After Fred and Becks departure, we had 1 day to go til the revival of the Fête Votive. We used it to explore the Camargue area we were in. We cycled along the canals and around beaches and resort towns, visiting Grau du Roi again and paddling in the Med … to sea by foot!
We explored L'Espiguette, a beautiful unspoilt beach with nature reserves and sand dunes scattered around its perimeter. All of the sand dunes, grasses and little yellow and black caterpillars reminded me of sitting at the top end of Dawlish Warren in the dunes as a kid. We marked our arrival at the Med with some sand graffiti and shared a hug and kiss as we looked out over the Sea. We'd brought our boat to the Med. Amazing. Next year maybe we'd take her out to explore it...
I saw many more flamingoes and was amazed to spot loads of them in the shallows right by a main road – that's something you don't see on Attenborough's shows! We watched the sun sink over L'Espiguette and breathed in the sea air. We were 2 of only 4 people on the whole beach and felt we had this little piece of the Med all to ourselves. It was beautiful. As we cycled back to Aigues Mortes, the sun treated us to another amazing spectacle as it set slowly above the canal, turning the sky a brilliant orange, streaked with deep purple and luminous crimson. I felt I was in paradise.

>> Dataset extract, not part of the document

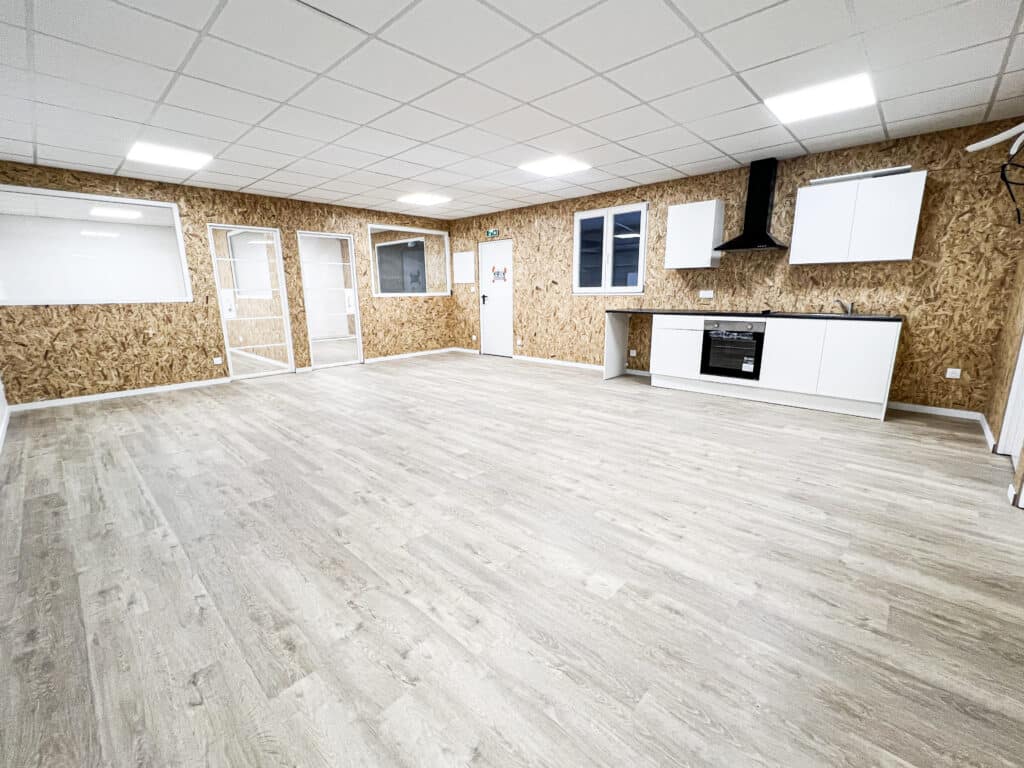 Salle lumineuse avec murs en panneaux OSB, sol stratifié clair et cuisine moderne blanche équipée d'un four. Portes vitrées et enseigne EXIT.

Chris and Phil had been in touch since we left them at Valence and had had a real struggle against the Mistral in their yacht. Her engine was smaller than ours so she didn't battle the chop caused by the wind quite as well. Also, the cockpit was open so Chris had been battered by the wind and soaked by the rain as she steered Amy down the Rhone. They'd been stuck in a harbour between Cruas and Avignon for a couple days when the wind was at its worst and were now thinking of making a diversion to Aigues Mortes for the Festival – we told them to do it! The first day had been fantastic – after wandering the town and pretending to be lookouts in the walls, Mike and I had gathered in the streets with the other spectators and watched the cowboys bringing in the bulls, then had gone to the arena to see teenage boys trying to prove their worth against the beasts, attempting to touch their heads or horns before the bull could throw them. A few times the young lads suffered near misses and just cleared the horns of an angry bull. After that we'd gone for lunch in the town square where a big group of cowboys and youngsters who'd been in the arena were drinking ricard in the street and listening to a band who were playing on stage. Mike and I had eaten our lunch and watched as they got more and more drunk and started to throw powdered paint balls at one another – that explained the pink and orange tables!

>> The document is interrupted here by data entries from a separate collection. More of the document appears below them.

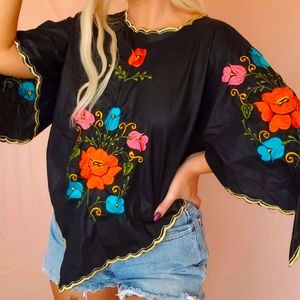 Vintage Embroidered Top with Unique Cut and Vibrant Flowers on Black Background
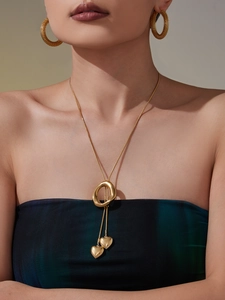 Detail showing gold heart pendants and mesh texture earrings on a model closeup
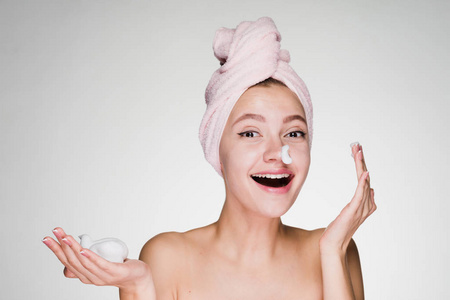 有趣的年轻女孩在她的头上粉红色的毛巾应用洁面泡沫在她的脸上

The Friday was a great day for the festival. Clearly the Thursday had been a little warm up, nothing more. We watched the bulls being run in, watched the entertainment in the arena with people trying to outwit the bulls, then went into the town to join in the fun! There were loads of temporary bars set up as well as the permanent ones, selling drinks of whisky or ricard at 2 Euros a go. Mike and I settled our selves in one at the far end of town and started drinking. We got chatting to some locals about the Festival and had a great time soaking up the atmosphere and drinking with these lovely French people. We got a couple rounds free of charge because the barman had been so impressed with us drinking ricard with crème de cassis … he thought we were 'fou' (mad) and told other punters about the crazy English. I offered a sip of the mixture to a woman who looked at me like I was nuts. She liked it and bought herself and me one.

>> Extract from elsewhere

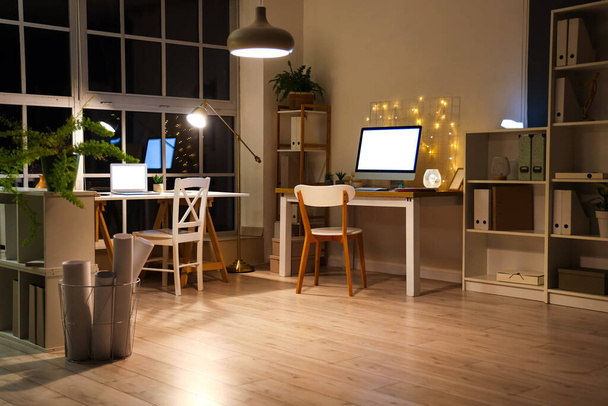 Interior de la oficina con escritorios y lámparas brillantes por la noche - Foto, Imagen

Chris and Phil had called to say they were on their way and we'd told them where our boat was parked and arranged to go back and meet them at 5ish. As we walked back, already in high spirits, they were pulling up. We had a quick chat and a glass of wine with them before all 4 of us returned to the town and the pubs. We noticed someone had placed a bottle of Ricard in the hand of the stautue of St Louis in the Square – that's the way, get your patron saint in on the fun! It was even busier now and we installed ourselves outside a bar in the square to people watch. We had a fantastic night, drinking, eating steak in a little restaurant, chatting to the locals and dancing. I met the young lad I'd photographed almost getting hit by the bull and showed him the picture. He loved it and called all his mates over to show them the evidence of his bravery! We had a drink with them and the big group in front of the stage with the band playing and Phil and I got up on the tables for a dance, quickly followed by lots of paint covered drunken Frenchmen. Mike and Chris danced from the ground, then Chris got up on the tables too. I loved that us English had started off the table dancing! We went back to the bar Mike and I had been in earlier, where we met a mad Moroccan man who was completely drunk (I think he may have owned the bar) who bought us drinks, danced with us and chatted. We moved on down to the square again for more dancing then came back to the bar with the mad Moroccan when the band stopped. We all danced under a big tree in the bar, Phil whirling me and Chris around in a rock and roll style – he's a good mover – then swinging from the branches of the tree. We realised it was time to go home when there was only us, the mad Moroccan and the bar staff left!
The next day we all got to the town for 11.30. we'd been told by the American on the barge who thought we were rock stars that the Saturday was the best day – the biggest bulls and craziest guys came out on the Saturday. He wasn't wrong. We watched the bulls come in and saw the first battle of wits. We all felt a bit sick as we saw a young lad get picked up by a bull, tossed up and caught on its horns twice then dropped to the ground and trampled. The bulls were corralled back in to the pen and the festivities stopped. An ambulance was called and the boy was stretchered off. As soon as the ambulance had left the arena the festivities recommenced. We couldn't believe it. It must happen all the time. Our American buddy was sitting in front of us and said that every year people were injured and that last year a guy had been killed. It was just part of what happened and the guys knew the risks they were taking. He also said that in another part of town late at night and full of booze guys would literally fight the bulls to show off their bravery and that he'd seen it once and it was 'sick, just nuts'. Clearly health and safety rules were not as strict as in the UK! We later saw videos being shown on screens around the town and fairground of precisely what the guy had described – young men literally wrestling bulls in the street. And they'd thought me and Mike were 'fou' for mixing crème de cassis with Ricard!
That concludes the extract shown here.